For Jesus was the only person in history who had
ever walked with the Law in perfect harmony. Jesus was the only person who ever
followed the Law completely and wholly. Jesus was the one Person who could
point to the Law and say, in effect, “What’s the big deal?” For He had the
spiritual sandals which allowed Him to walk on that burning hot road, that road
that leads to the jungle of destruction if you don’t follow it perfectly. And, like a B-17 flies, Jesus could spiritually fly, taking us with Him!
There are two possible responses to Jesus being
the only Man to walk the Law perfectly.
You can say, “Jesus was special because Jesus
was divine.” And that is correct. Jesus is God Himself walking on this planet.

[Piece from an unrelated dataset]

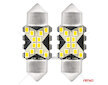 LED žárovky CANBUS 12SMD Festoon C5W 2016 31mm White 12/24V AMiO-04235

And surely that means that whatever Jesus said is of tremendous importance, for
He is God Himself, just in a different form from God the Father.
Or you can say, “Jesus was a man, but a
particularly good man.” Then why, my friend, can’t you walk the Law just as
well? Is it because you are not particularly good? Is this why you need Jesus’
help?
So Jesus has us right where He and the Father
intended before the creation of the Universe – ready to bow the knee, admitting
our weakness in the face of perfect divinity, ready to worship God as we
should, the Law’s purpose now fulfilled.
Will you worship God? Have you heard God’s Word?
Have you heard the Holy Spirit speak to you today? Will you tell others what
you have heard?
Will you bow down your head in humbleness,
knowing that Jesus could do something you cannot do, knowing that Jesus is the
divine Son of God? Will you look up to Jesus Christ and recognize Him as your God, worthy of being followed?